_PROBLEM REQUIREMENTS_
Out of the entries that follow, copy each line containing "Stone".
[RECORDS TO PROCESS — start]
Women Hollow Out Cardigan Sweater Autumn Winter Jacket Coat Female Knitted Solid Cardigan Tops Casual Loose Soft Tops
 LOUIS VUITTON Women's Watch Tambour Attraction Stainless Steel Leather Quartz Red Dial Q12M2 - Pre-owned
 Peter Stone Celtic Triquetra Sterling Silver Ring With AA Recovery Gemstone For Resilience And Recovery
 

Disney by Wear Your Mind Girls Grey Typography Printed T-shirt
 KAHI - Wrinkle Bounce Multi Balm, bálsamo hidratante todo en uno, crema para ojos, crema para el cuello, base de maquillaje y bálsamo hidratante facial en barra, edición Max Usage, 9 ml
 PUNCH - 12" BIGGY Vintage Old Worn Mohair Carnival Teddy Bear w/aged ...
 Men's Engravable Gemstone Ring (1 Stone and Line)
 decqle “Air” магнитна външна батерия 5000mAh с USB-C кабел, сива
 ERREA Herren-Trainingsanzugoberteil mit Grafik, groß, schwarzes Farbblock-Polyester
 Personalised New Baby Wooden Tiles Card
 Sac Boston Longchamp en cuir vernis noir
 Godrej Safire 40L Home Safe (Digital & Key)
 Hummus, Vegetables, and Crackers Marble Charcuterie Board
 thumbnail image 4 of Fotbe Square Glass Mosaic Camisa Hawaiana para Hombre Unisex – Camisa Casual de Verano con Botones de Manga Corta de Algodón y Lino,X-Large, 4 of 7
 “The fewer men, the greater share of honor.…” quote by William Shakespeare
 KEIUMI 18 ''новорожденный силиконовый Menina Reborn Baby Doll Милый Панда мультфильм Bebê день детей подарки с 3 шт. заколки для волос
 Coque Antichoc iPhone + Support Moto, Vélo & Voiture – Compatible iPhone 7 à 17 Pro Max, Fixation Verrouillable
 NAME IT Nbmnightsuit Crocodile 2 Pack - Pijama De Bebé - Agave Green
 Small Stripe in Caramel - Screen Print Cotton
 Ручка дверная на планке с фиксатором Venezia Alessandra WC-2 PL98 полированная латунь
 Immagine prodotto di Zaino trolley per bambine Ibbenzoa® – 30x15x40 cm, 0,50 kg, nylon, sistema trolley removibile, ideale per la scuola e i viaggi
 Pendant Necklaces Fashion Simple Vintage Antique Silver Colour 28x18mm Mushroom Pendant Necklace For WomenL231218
[RECORDS TO PROCESS — finish]
_REPLY TO THE TASK_
 Peter Stone Celtic Triquetra Sterling Silver Ring With AA Recovery Gemstone For Resilience And Recovery
 Men's Engravable Gemstone Ring (1 Stone and Line)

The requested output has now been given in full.